功能请求:搜索实现模糊搜索 (upgrade to fuzzy search engine)

May 14, 2022

当我们热爱的emby，随着的功能越来越多，支持的模块也越来越多，目前有（电影，音乐，电视直播，电视剧集）后期也许会有有声读物。而且功能也是越做越好，我是一个爱音乐爱好者，经常收藏一些金典好听的歌曲，现在正在使用测试版，歌词的支持让我越来越喜欢这款软件，感谢emby所有团队人员没日没夜工作，为我们客户提供功能上帮助和产品维护。

希望emby团队能把搜索引擎升级为模糊搜索，在使用搜索时我觉得电影名为英文时会比较好些，但对电影名为中文时就很糟糕。

列如:当有500部影片中收索“美女与野兽” 这部影片，只需输入“美女与野兽”中任一个字或者词就能搜到，并且这个功能扩展到所有库（音乐，电影，电视剧集，电视直播，有声读物）而不是一定要输入影片名全名或者影片名前两个字才能搜到。

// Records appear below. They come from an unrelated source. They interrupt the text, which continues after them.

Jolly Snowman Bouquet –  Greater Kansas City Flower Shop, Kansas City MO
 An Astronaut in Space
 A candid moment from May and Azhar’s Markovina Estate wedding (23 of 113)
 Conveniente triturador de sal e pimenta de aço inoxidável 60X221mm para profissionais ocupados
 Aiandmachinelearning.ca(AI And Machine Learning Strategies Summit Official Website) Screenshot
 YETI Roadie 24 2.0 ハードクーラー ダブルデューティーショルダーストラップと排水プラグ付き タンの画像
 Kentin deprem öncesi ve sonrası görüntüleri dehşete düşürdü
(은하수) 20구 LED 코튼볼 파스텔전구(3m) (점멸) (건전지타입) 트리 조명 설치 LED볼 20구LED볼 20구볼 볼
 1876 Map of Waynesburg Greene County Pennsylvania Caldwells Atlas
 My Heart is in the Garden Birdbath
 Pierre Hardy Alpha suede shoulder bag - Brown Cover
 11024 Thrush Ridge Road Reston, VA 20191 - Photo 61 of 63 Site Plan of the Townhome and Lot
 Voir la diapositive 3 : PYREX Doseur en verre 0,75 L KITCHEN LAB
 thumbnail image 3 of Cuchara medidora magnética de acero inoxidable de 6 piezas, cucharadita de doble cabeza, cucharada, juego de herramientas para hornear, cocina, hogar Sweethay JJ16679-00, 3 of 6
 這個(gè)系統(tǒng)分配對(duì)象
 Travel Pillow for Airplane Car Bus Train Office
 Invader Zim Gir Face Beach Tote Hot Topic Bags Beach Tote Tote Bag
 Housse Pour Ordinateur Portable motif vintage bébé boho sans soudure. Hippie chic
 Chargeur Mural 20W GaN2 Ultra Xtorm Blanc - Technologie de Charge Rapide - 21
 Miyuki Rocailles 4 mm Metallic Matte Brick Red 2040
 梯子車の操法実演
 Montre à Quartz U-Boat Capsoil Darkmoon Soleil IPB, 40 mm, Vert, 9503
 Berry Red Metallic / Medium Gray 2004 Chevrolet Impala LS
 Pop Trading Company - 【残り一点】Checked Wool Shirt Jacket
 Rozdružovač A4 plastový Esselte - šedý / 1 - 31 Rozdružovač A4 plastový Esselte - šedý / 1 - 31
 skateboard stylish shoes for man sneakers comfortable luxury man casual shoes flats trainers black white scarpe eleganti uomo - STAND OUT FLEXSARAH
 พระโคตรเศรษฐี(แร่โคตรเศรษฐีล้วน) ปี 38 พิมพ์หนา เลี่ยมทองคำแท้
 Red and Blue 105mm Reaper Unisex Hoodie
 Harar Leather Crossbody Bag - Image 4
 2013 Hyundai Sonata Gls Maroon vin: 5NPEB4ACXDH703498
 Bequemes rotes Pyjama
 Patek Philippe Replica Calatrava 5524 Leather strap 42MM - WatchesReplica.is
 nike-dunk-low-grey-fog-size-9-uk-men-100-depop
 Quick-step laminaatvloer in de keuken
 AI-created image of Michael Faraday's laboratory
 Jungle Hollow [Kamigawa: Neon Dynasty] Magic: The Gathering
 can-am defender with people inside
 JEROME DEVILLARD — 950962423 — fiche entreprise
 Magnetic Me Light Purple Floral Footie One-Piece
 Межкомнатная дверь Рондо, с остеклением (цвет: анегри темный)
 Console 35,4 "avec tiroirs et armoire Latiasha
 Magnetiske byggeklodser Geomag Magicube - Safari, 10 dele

针对成人影片内容不希望在搜索搜到问题，我觉得可以在媒体库→新建媒体库中设置一个搜索可选项，在不在主页搜索中搜到这个库中影片就把搜索选项前面钩钩去掉。（这个功能应该之前就有提到）。

May 14, 2022

您好，是的，我们计划在未来的更新中改进搜索。感谢您的反馈！

May 15, 2022

22 hours ago, Luke said:

您好，是的，我们计划在未来的更新中改进搜索。感谢您的反馈！

ok，很期待

May 15, 2022

On 5/15/2022 at 1:12 AM, Luke said:

您好，是的，我们计划在未来的更新中改进搜索。感谢您的反馈！

嗨，卢克目前我发现国内有大佬已经出了支持测试版模糊搜索功能，我还未测试，据说有的平台测试ok，是一个补丁包，看看对你们是否有用？可以添加到下个测试版中。

5_6179199118389282156.rar

May 16, 2022

We'd have to know exactly what they did, but I'm guessing they probably just updated the embedded sqlite build.

May 16, 2022

3 minutes ago, Luke said:

我们必须确切地知道他们做了什么，但我猜他们可能只是更新了嵌入式 sqlite 构建。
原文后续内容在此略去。